November 29, 2019

James Galanos, Fashion School Dropout

By:
Katie Rae Preston
James Galanos in 1956

James Galanos (1924 - 2016) was a fashion school dropout turned revered designer to A-List stars such as Elizabeth Taylor, Marlene Dietrich, and Judy Garland. After dropping out of Traphagen School of Fashion, he secured an assistant position with Hattie Carnegie in New York in 1944. Hattie Carnegie got her start as a milliner, but had a knack for discovering fashion design talents. Her company became a fashion incubator for American designers such as Pauline Trigere, which we have a few of her designs on view at the gallery from November 14, 2019 to December 10, 2019. The job with Hattie was, unfortunately, a bit more clerical than creative and after growing disappointed Galanos left for another opportunity in California. However, the position he originally went to California for sadly never materialized; but as luck would have it, he was hired part-time at Columbia Pictures. Never one to rest too long Galanos quickly left his employment with Columbia to go work in Paris, just as the couture houses there were rebounding from World War II. He started work with Robert Piguet right alongside Pierre Balmain and Hubert de Givenchy, those are two names you might recognize! 
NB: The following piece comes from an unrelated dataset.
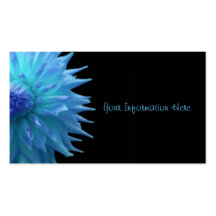 Blue Jennie On Black Business Cards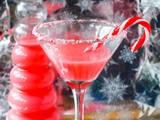 Candy Cane Gin Homemade Liqueur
Left: One of the Galanos gowns available on iGavel Auctions
Right: An original advertisement for the dress

In the 1950s Galanos decided to take another shot at California. He created his own company and quickly began selling his gowns to Saks Fifth Avenue and Neiman Marcus. These gowns were made as ready to wear, not custom, but it was apparent from the beginning that his gowns were of higher quality, comparable to haute couture. He was a master at working with chiffon, an example of this can be viewed on item number 5593671 on the iGavel website. Galanos designs are timeless, in fact, Nancy Reagan wore a 14-year-old Galanos gown to her first state dinner at the White House in the 1980s. This is a testament to the workmanship and design of his work. James Galanos’s desire to create was lifelong and he has left an incredible legacy.